APRENDER COM JESUS A ATITUDE PERANTE O SOFRIMENTO
Poucos aspetos da mensagem evangélica foram tão distorcidos como o apelo de Jesus a «tomar a cruz». Daí que muitos cristãos tenham ideias bastante confusas sobre a atitude cristã perante o sofrimento. Recordemos alguns dados que não devemos ignorar, se queremos seguir o Crucificado com maior fidelidade.
Em Jesus não encontramos aquele sofrimento que tantas vezes há em nós, gerado pelo nosso próprio pecado ou pela nossa forma errada de viver. Jesus não conheceu os sofrimentos que nascem da inveja, do ressentimento, do vazio interior ou do apego egoísta às coisas e às pessoas. Há, portanto, na nossa vida um sofrimento (segundo os especialistas, pode chegar em algumas pessoas a 90% do que sofrem) que devemos ir eliminando precisamente se queremos seguir Jesus.

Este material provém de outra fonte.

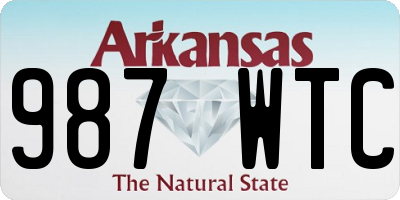 AR license plate 987WTC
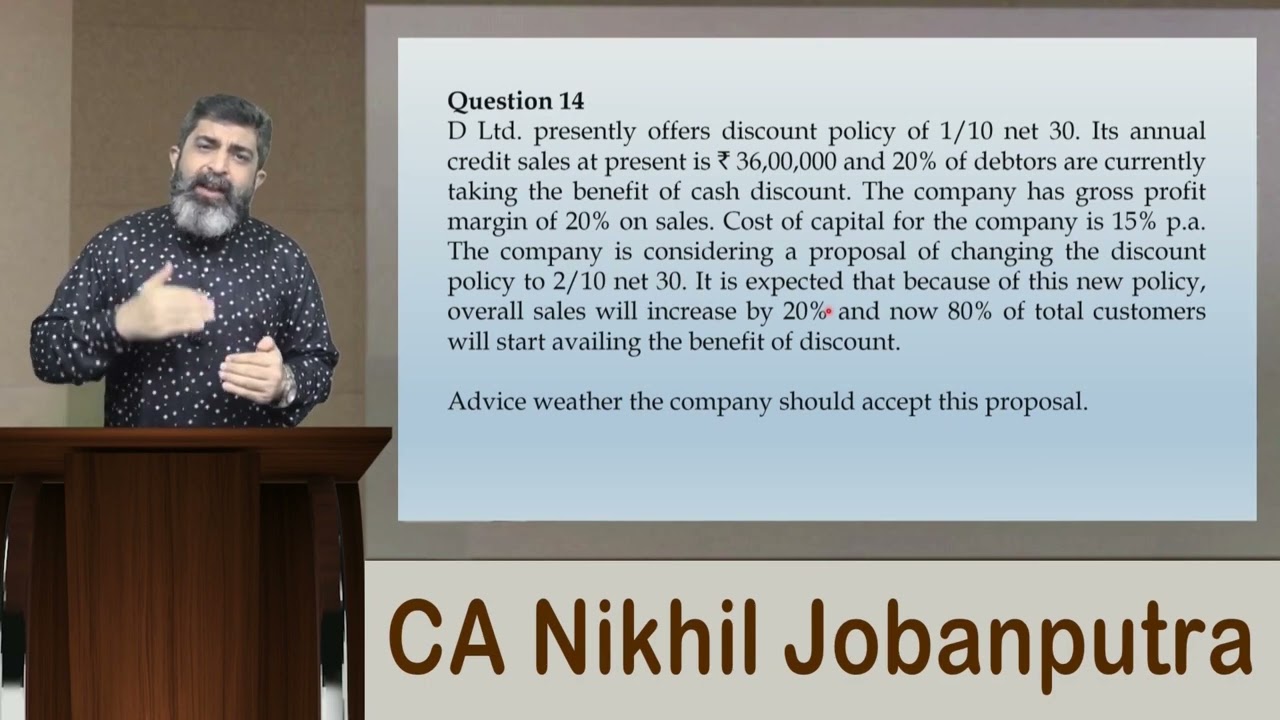 Receivables Management (Part 9) - Working Capital Management - CMA/CA Inter - Financial Management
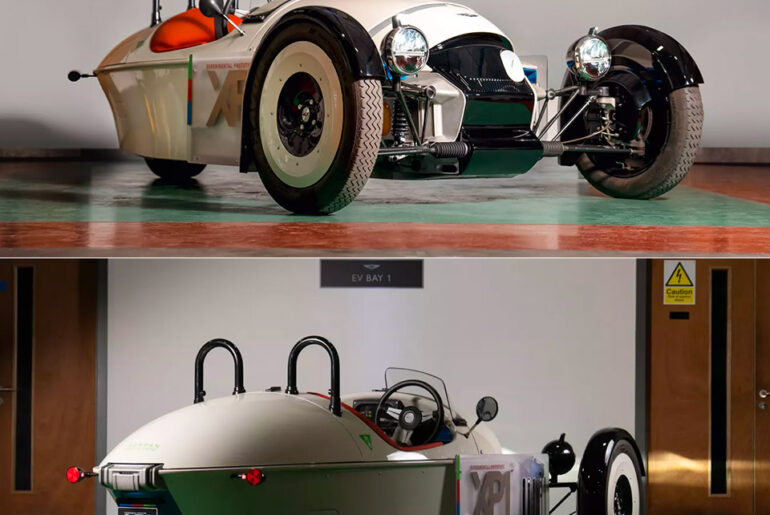 Electric Morgan XP-1 Prototype Three-Wheeled Roadster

Por outro lado, Jesus não ama nem procura arbitrariamente o sofrimento, nem para si nem para os outros, como se o sofrimento encerrasse algo especialmente agradável a Deus. É um erro pensar que se segue mais de perto Cristo por se procurar sofrer arbitrariamente e sem necessidade. O que agrada a Deus não é o sofrimento, mas a atitude com que uma pessoa o assume em seguimento fiel a Cristo.
Jesus, além disso, compromete-se com todas as suas forças para fazer desaparecer o sofrimento no mundo. Toda a sua vida foi uma luta constante para arrancar o ser humano desse padecimento que se esconde na doença, na fome, na injustiça, nos abusos, no pecado ou na morte.
Quem quiser segui-lo não poderá ignorar os que sofrem. Pelo contrário, a sua primeira tarefa será retirar sofrimento da vida das pessoas. Como disse um teólogo, «não há direito a ser feliz sem os outros nem contra os outros» (Ignacio Larrañeta).
Por fim, quando Jesus se encontra com o sofrimento provocado por aqueles que se opõem à sua missão, não o evita, mas assume-o com atitude de fidelidade total ao Pai e de serviço incondicional aos homens.
Antes de mais, «tomar a cruz» é seguir fielmente Jesus e aceitar as consequências dolorosas que, sem dúvida, decorrerão desse seguimento. Há rejeições, padecimentos e danos que o cristão deve sempre assumir. É o sofrimento que só poderíamos eliminar da nossa vida deixando de seguir Cristo. Aí está, para cada um de nós, a cruz que devemos levar seguindo os seus passos.